Be afraid… the director of Irreversible has made something even more extreme.

Gaspar Noe’s Enter The Void was greeted with cheers, boos, gasps and shocked laughs when it was screened for the first time in Cannes on Friday.

Like everything the French director does, it offers a wholly uncompromising vision – one that some will thrill to while others bolt for the exit.

Either way, it’s impossible to deny the audacity of what Noe describes as a ‘psychedelic melodrama’.

Instantly making good on the first half of that equation, the first 10 minutes comprise a kaleidoscopic lightshow to rival the ‘stargate’ sequence in 2001: A Space Odyssey.

It’s a drug trip seen through the eyes of Oscar (Nathaniel Brown), a small-time dealer whose perspective the film never leaves – even when he’s shot dead by police.

After he bites the bullet, Oscar’s spirit ascends above the Tokyo setting, Noe’s camera assuming a God’s-eye-view of events for the next two hours plus change.

Oscar keeps watch over stripper sister Linda (Paz De La Huerta), fulfilling a childhood promise made after the pair’s parents were killed in a car smash (shown at least three jolting times).

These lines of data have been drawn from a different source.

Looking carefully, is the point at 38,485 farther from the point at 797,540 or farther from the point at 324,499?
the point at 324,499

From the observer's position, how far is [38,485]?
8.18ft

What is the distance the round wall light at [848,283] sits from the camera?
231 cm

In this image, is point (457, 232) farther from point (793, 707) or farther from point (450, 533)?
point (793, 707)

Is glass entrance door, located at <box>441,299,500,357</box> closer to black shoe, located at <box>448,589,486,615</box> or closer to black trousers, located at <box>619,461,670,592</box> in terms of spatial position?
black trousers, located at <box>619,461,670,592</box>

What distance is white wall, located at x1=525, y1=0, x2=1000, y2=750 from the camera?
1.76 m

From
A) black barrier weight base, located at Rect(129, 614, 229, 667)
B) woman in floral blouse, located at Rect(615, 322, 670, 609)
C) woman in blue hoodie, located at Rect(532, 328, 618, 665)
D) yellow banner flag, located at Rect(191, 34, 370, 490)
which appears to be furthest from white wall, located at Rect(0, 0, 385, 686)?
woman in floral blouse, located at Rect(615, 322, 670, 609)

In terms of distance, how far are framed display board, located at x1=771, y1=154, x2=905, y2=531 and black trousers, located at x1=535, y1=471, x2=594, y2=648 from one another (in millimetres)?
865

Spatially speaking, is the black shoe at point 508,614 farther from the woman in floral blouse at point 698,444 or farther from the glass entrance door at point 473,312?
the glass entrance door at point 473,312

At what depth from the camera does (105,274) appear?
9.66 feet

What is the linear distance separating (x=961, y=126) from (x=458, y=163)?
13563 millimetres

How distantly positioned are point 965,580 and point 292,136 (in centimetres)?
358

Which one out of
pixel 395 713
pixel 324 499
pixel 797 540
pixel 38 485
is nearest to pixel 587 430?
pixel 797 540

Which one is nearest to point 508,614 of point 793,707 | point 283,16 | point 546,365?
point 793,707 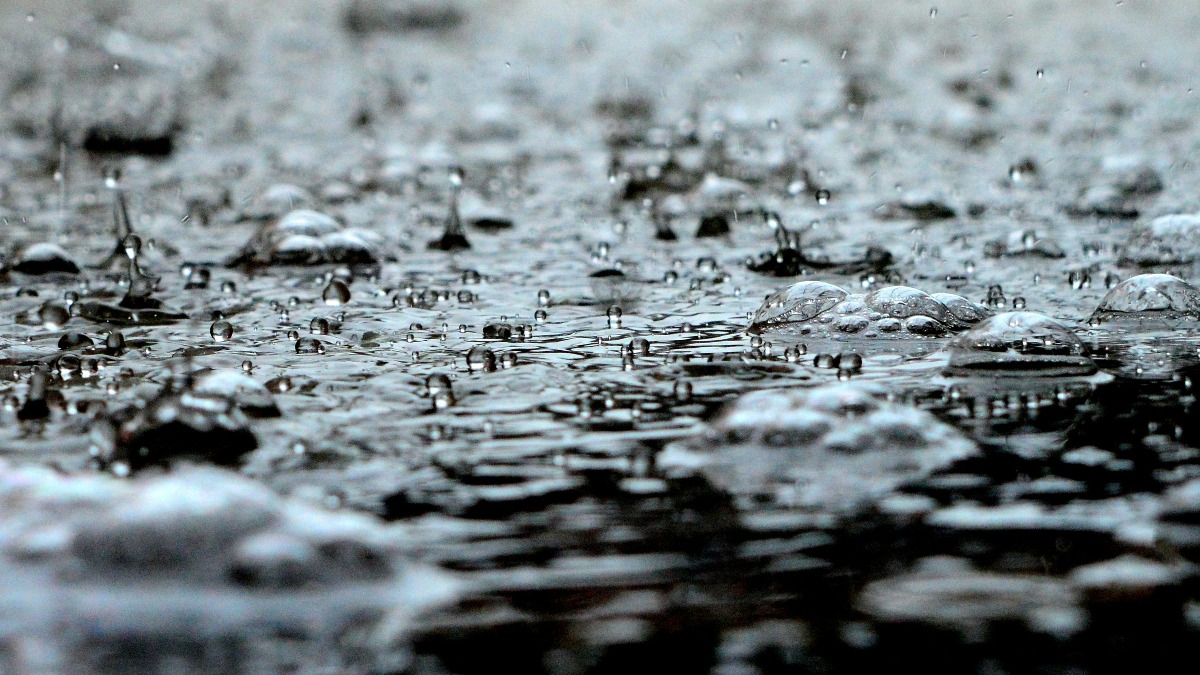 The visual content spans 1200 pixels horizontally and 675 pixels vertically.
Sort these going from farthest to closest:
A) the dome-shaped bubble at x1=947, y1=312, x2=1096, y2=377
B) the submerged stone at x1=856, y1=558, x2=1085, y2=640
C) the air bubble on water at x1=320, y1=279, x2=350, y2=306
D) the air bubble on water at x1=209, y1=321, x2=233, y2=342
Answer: the air bubble on water at x1=320, y1=279, x2=350, y2=306, the air bubble on water at x1=209, y1=321, x2=233, y2=342, the dome-shaped bubble at x1=947, y1=312, x2=1096, y2=377, the submerged stone at x1=856, y1=558, x2=1085, y2=640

Narrative fades into the ether as the film becomes a sensory blitzkrieg of strobing lights, acid colours, distorted soundscapes, impossible tracking shots (into a bullet hole) and lots and lots of dirty sex.

Basically, imagine an underground nightclub in hell co-run by Dario Argento and David Lynch.

The effect is by turns woozy, soothing, unsettling, hypnotic and slightly tedious (another pass in the editing suite before general release wouldn’t hurt).

If anything breaks the spell it’s the performances; unlike Noe’s Irreversible (Monica Bellucci, Vincent Cassell) or Seul Contre Tous (Philippe Nahon) there are no star turns to speak of.

Though proving herself endlessly game, De La Huerta drawls most of her lines in a spaced-out stupor; while our time with Brown is spent following the back of his head.

But this is hardly an actors’ showcase – it’s an auteur-piece through and through, designed to flaunt its creator’s pretensions, technical verve and sizeable balls.

Basterds notwithstanding, no film this Cannes has generated more chatter.